● **What is needed**
Word for word, copy the data that follows and skip its pictures.

● **Data shown**

┌──

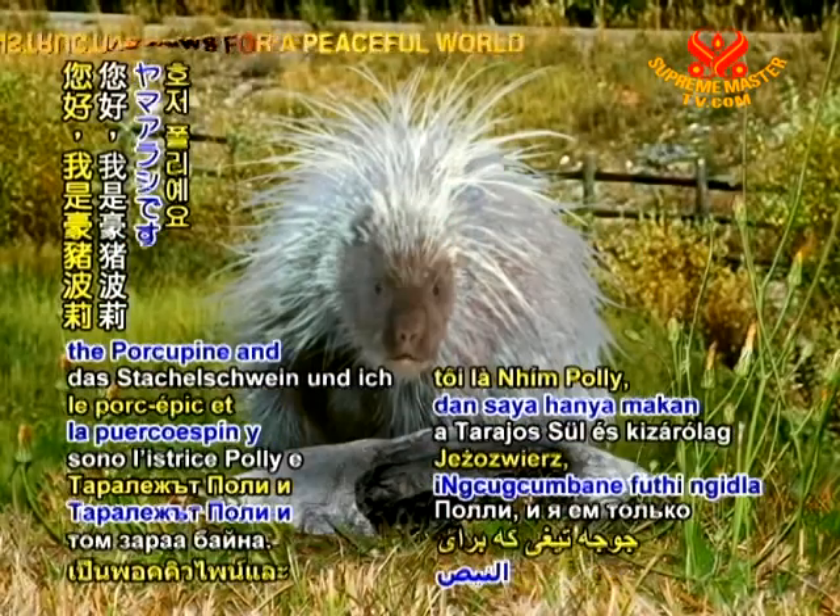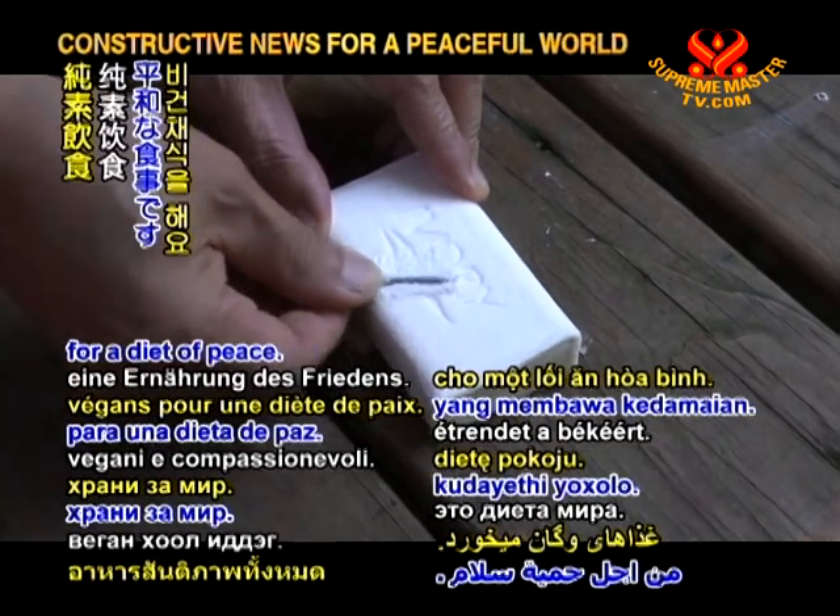Hi, I'm Polly the Porcupine and I eat only vegan foods for a diet of peace.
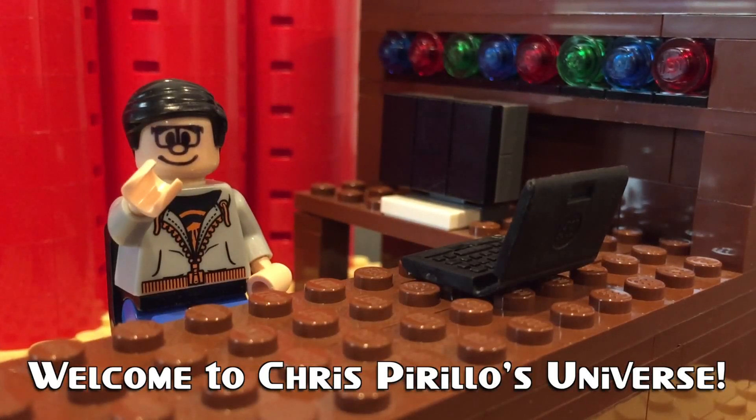Thank you for watching, liking, commenting, sharing, and subscribing right now. Today I am going to show you how to create a 3D camera rig with adjustable I.O. for under $400.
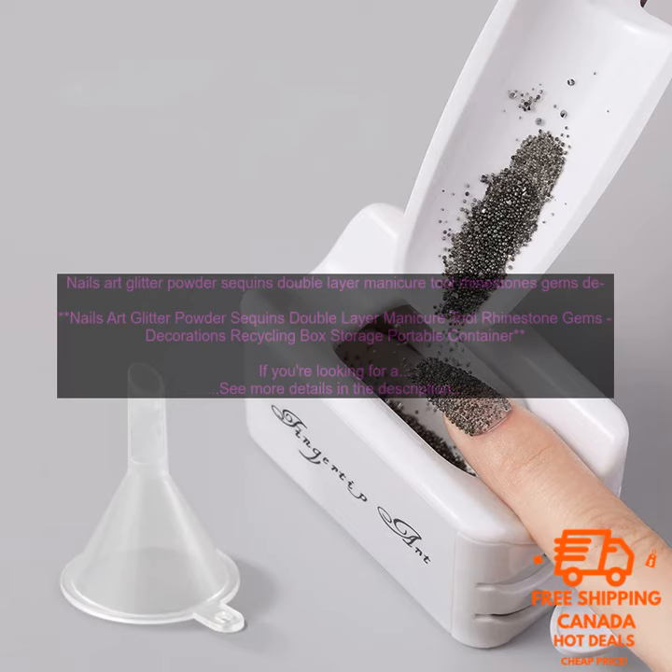I highly recommend this product for anyone who loves to do nail art. It's affordable, portable, and comes with a variety of glitter, sequins, and rhinestones to choose from.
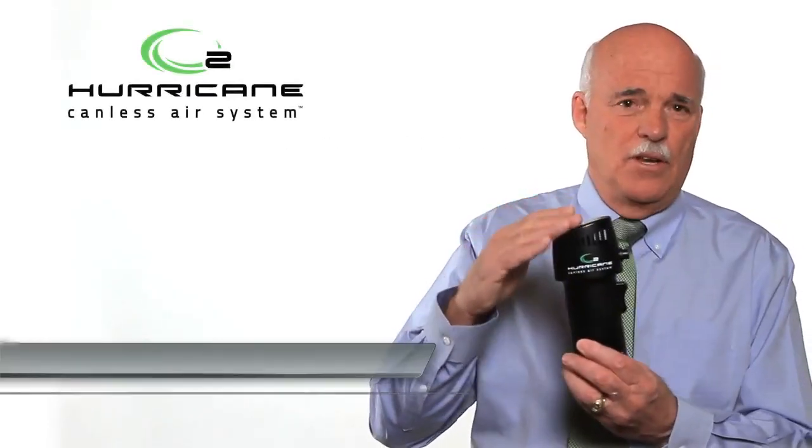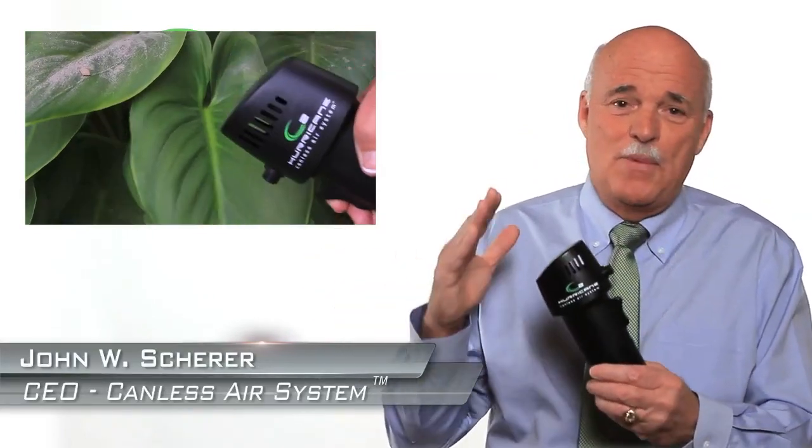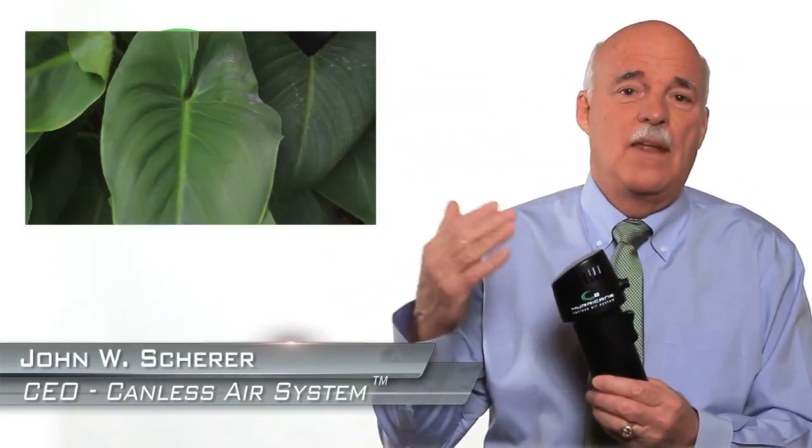When I first started developing the O2 Hurricane, people would ask, well, what can it be used for? It can be used for anything that you use canned air for, and then more.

└──

● **Worked solution**
Hi, I'm Polly the Porcupine and I eat only vegan foods for a diet of peace.
Thank you for watching, liking, commenting, sharing, and subscribing right now. Today I am going to show you how to create a 3D camera rig with adjustable I.O. for under $400.
I highly recommend this product for anyone who loves to do nail art. It's affordable, portable, and comes with a variety of glitter, sequins, and rhinestones to choose from.
When I first started developing the O2 Hurricane, people would ask, well, what can it be used for? It can be used for anything that you use canned air for, and then more.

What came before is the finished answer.